Records START
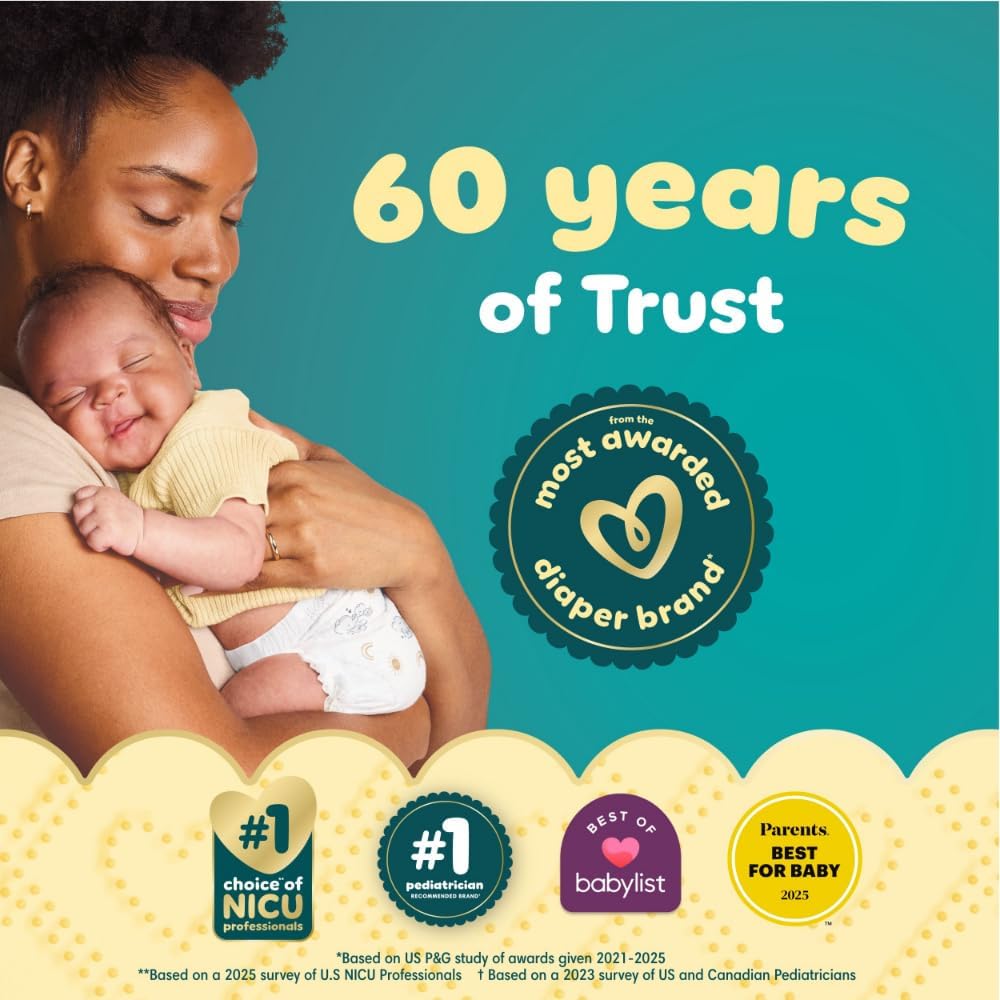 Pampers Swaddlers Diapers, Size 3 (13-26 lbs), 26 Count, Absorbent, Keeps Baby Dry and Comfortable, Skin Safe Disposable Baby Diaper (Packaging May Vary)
Records END
Records START
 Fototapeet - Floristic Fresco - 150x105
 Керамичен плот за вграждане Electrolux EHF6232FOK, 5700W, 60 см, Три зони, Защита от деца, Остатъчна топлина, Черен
Records END
Records START
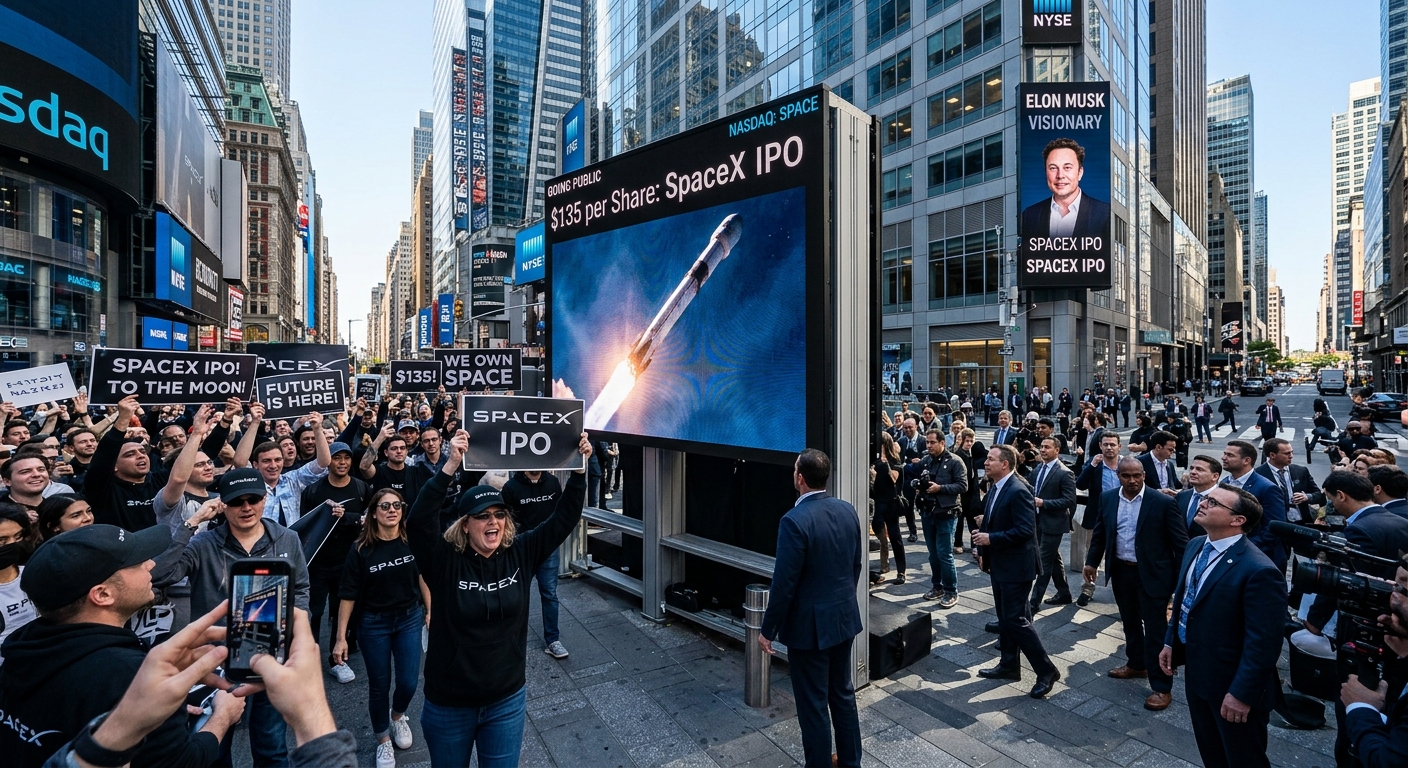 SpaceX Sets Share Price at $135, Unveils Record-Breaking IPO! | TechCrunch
Records END
Aim of the task: From the records above, print only the lines between the one holding "Fototapeet - Floristic Fresco - 150x105" and the one holding "Керамичен плот за", inclusive, exactly as they stand.

Response to this task:
 Fototapeet - Floristic Fresco - 150x105
 Керамичен плот за вграждане Electrolux EHF6232FOK, 5700W, 60 см, Три зони, Защита от деца, Остатъчна топлина, Черен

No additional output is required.